Scans

The scan module is exposed as hl.scan, e.g. hl.scan.sum.

The functions in this module perform rolling aggregations along the rows of a table, or along the rows or columns of a matrix table. The value of the scan at a given row (or column) is the result of applying the corresponding aggregator to all previous rows (or columns). Scans directly over entries are not currently supported.

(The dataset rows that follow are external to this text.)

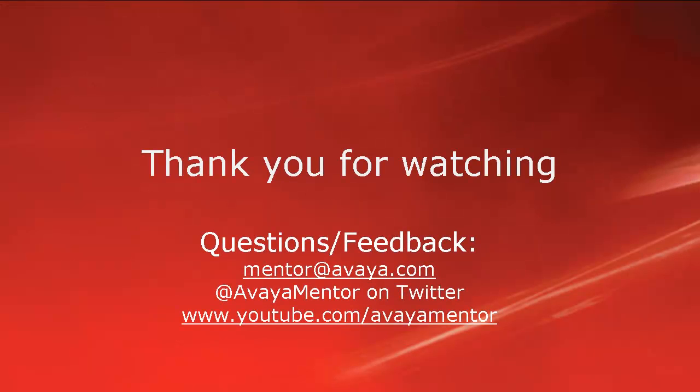Thank you for your time today. We hope this information was useful. We welcome your comments, questions and feedback at mentor at avaya.com or on twitter at avaya mentor. Thank you for choosing Avaya.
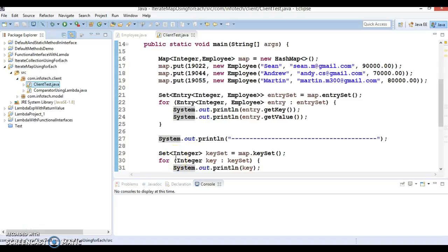Hello friends, Kisan is here again and in this video tutorial, I am going to discuss the comparator implementation using lambda expression.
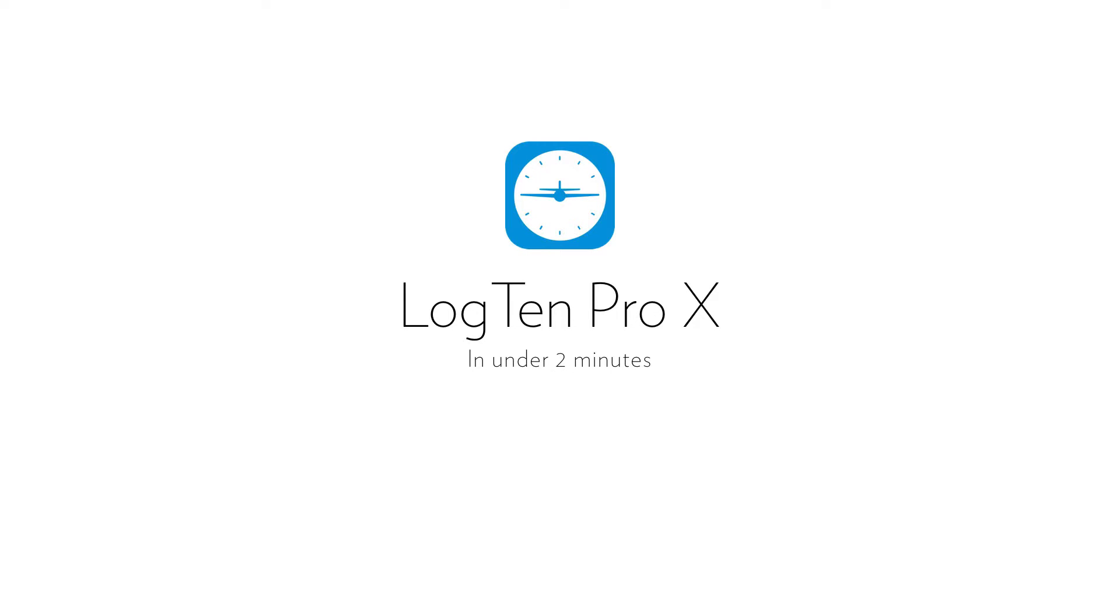In this quick video, we're going to show you how to import your airline roster into Log10ProX for Mac.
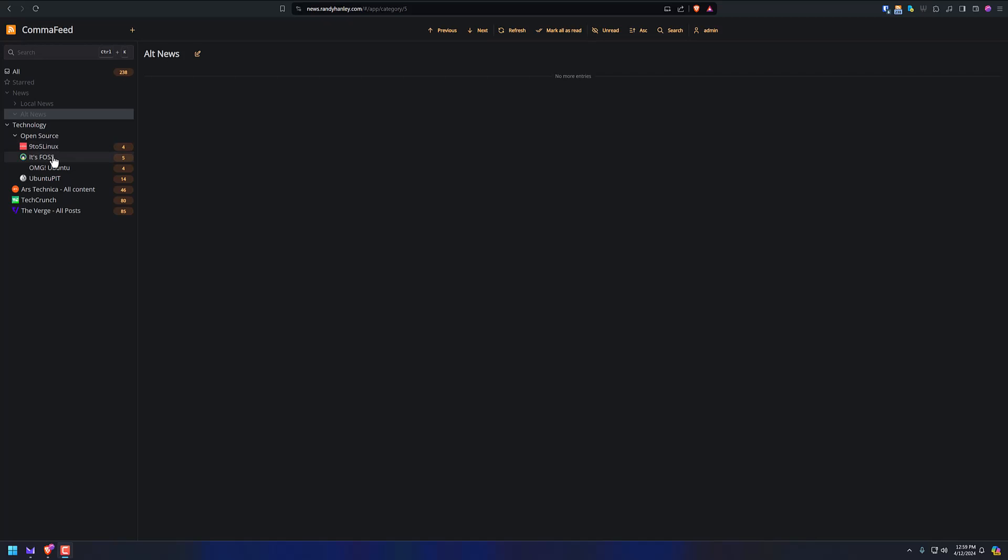I have 9to5Linux, It's Free and Open Source Software, OMG Ubuntu. These are all great little sites that I like reading. And Ars Technica, not quite a little site. You can see they have a lot of articles that appear all the time. But if I don't feel like reading them all, I just clear them.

For example, the count aggregator can be used as hl.scan.count to add an index along the rows of a table or the rows or columns of a matrix table; the two statements below produce identical tables:

>>> ht_with_idx = ht.add_index()
>>> ht_with_idx = ht.annotate(idx=hl.scan.count())

For example, to compute a cumulative sum for a row field in a table:

>>> ht_scan = ht.select(ht.Z, cum_sum=hl.scan.sum(ht.Z))
>>> ht_scan.show()
+-------+-------+---------+
|    ID |     Z | cum_sum |
+-------+-------+---------+
| int32 | int32 |   int64 |
+-------+-------+---------+
|     1 |     4 |       0 |
|     2 |     3 |       4 |
|     3 |     3 |       7 |
|     4 |     2 |      10 |
+-------+-------+---------+

Note that the cumulative sum is exclusive of the current row’s value. On a matrix table, to compute the cumulative number of non-reference genotype calls along the genome:

>>> ds_scan = ds.select_rows(ds.variant_qc.n_non_ref,
...                          cum_n_non_ref=hl.scan.sum(ds.variant_qc.n_non_ref))
>>> ds_scan.rows().show()
+---------------+------------+-----------+---------------+
| locus         | alleles    | n_non_ref | cum_n_non_ref |
+---------------+------------+-----------+---------------+
| locus<GRCh37> | array<str> |     int64 |         int64 |
+---------------+------------+-----------+---------------+
| 20:10579373   | ["C","T"]  |         1 |             0 |
| 20:10579398   | ["C","T"]  |         1 |             1 |
| 20:10627772   | ["C","T"]  |         2 |             2 |
| 20:10633237   | ["G","A"]  |        69 |             4 |
| 20:10636995   | ["C","T"]  |         2 |            73 |
| 20:10639222   | ["G","A"]  |        22 |            75 |
| 20:13763601   | ["A","G"]  |         2 |            97 |
| 20:16223922   | ["T","C"]  |        66 |            99 |
| 20:17479617   | ["G","A"]  |         9 |           165 |
+---------------+------------+-----------+---------------+

Scans over column fields can be done in a similar manner.

Danger

Computing the result of certain aggregators, such as hardy_weinberg_test(), can be very expensive when done for every row in a scan.”

See the Aggregators module for documentation on the behavior of specific aggregators.